Retrieve such an object of that type from the session attributes key-value store.

String attributeName = "my-user-login" ;
UserLogin userLogin = vaadinSession.getAttribute( attributeName ) ;

Rather than invent an attribute name, you could just use the class name. The Class class lets you ask for the name of a class as text.

String attributeName = UserLogin.class.getName() ;
UserLogin userLogin = vaadinSession.getAttribute( attributeName ) ;

If you want to use the class name as the key in this way, the VaadinSession class provides a shortcut.

UserLogin userLogin = vaadinSession.getAttribute( UserLogin.class ) ;

Check to see if your UserLogin object is null. If you retrieved a null, then you know you have not yet stored an attribute (or willfully stored a null).

If not null, it means your user already has an active UserLogin object stored. How could they be logged-in already if the entry point of your app is executing? This can happen if the user hits the Reload button on their browser window. (Train your user not to do so on a single-page web app such as Vaadin.)

Outline of code to write

UserLogin userLogin = vaadinSession.getAttribute( UserLogin.class ) ;
if( Objects.isNull( userLogin ) ) {
    … display login form …
    … when authenticated, instantiate a `UserLogin` and store as attribute …
    if( authenticationSuccessful ) {  // Testing some did-user-authenticate variable you defined in your login-form.
        Instant whenAuthenticated = Instant.now() ;  // Capture the current moment in UTC. 
        UserLogin userLogin = new UserLogin( userName , whenAuthenticated ) ;
        VaadinSession.getCurrent().setAttribute( UserLogin.class , userLogin ) ;  // Using class name as the `String` key tracking this `userLogin` object.
        … switch content of the tab/window from authentication form to your main app content …
    } 
} else {  // Else not null. User already authenticated. User may have hit "Reload" button in browser. 
    … display app content … 
    … perhaps log this event … maybe user needs to be trained to not hit Reload on a Single-Page Web App …
}

By the way… the discussion above about sessions is scoped to each user’s own connection to your web app in a single web browser tab/window.
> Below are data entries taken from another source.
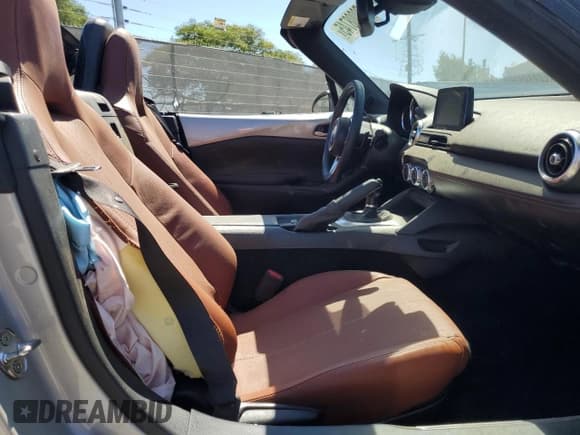 ✅ 2023 Mazda MX-5 Miata Grand Touring • VIN: JM1NDAD70P0556164 • Lot: 72008745. Wystawiony na Copart z przebiegiem 21 211 mil. Bezpłatny archiwum sprzedaży aukcyjnych z USA i szczegółowy raport historii pojazdu na DreamBid. Zdjęcie 10.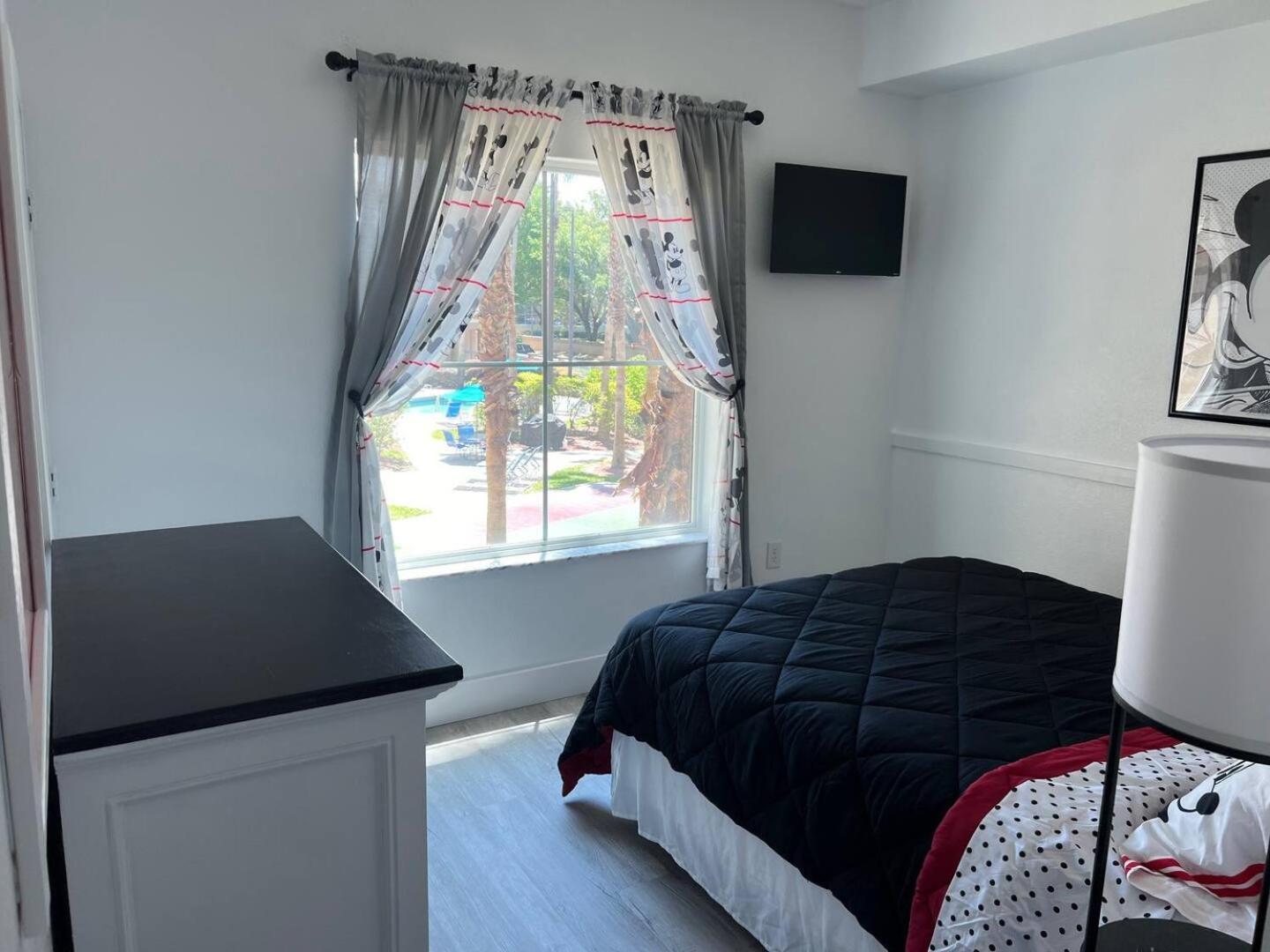 3 Beds Disneyfree Shuttle Apartment *
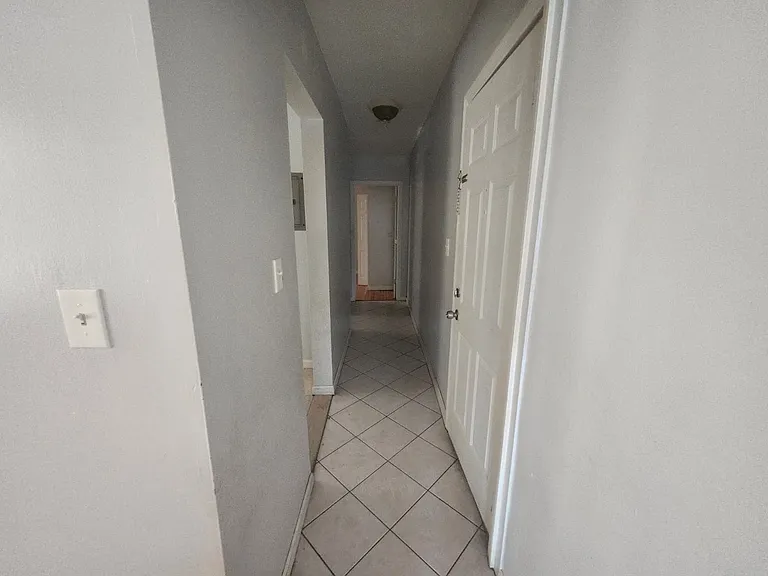 66 Glenwood Ave #11E — Photo 2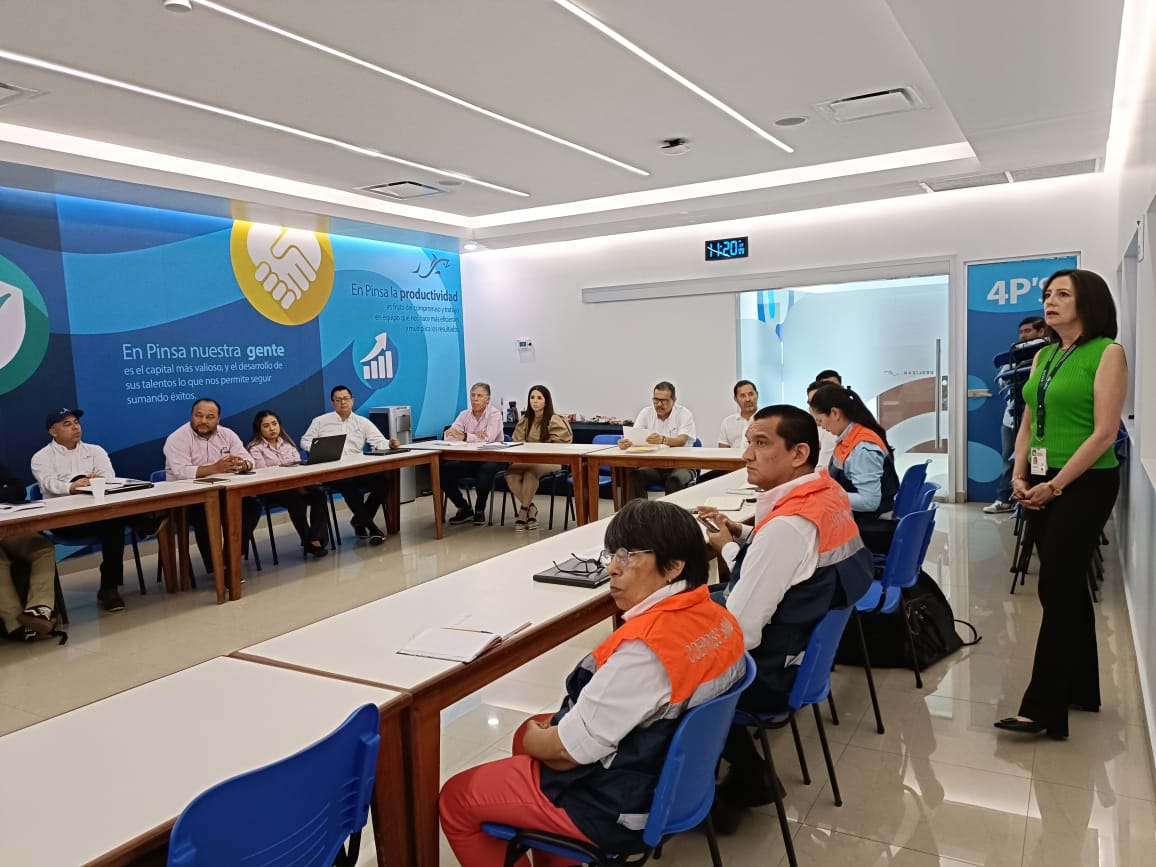 Se reúne Coepriss y el Laboratorio Estatal de Salud Pública de Sinaloa con el sector pesquero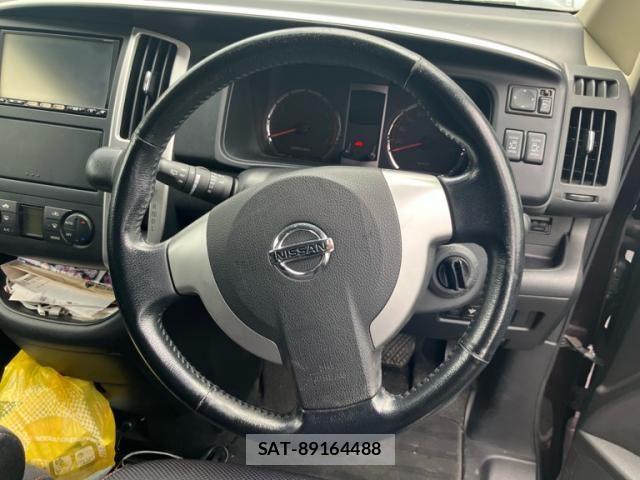 Nissan SERENA 2009-12 7879331-15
At some point you may look for a hook into the lifecycle of your entire web app, before the first user connects and/or after the last user disconnects, learn about the hook defined in the Java Servlet spec. This hook is the ServletContextListener interface, where “context” means your web app as a whole. This is standard Java Servlet stuff, not at all specific to Vaadin, but Vaadin is actually a Servlet (perhaps the most sophisticated Servlet ever) so this context listener paradigm applies.

You write a class implementing that interface, by writing the before-first-user and the after-last-user methods. Identify your class to the web container by annotating @WebListener (or alternative means). Search Stack Overflow as this has been covered multiple times already.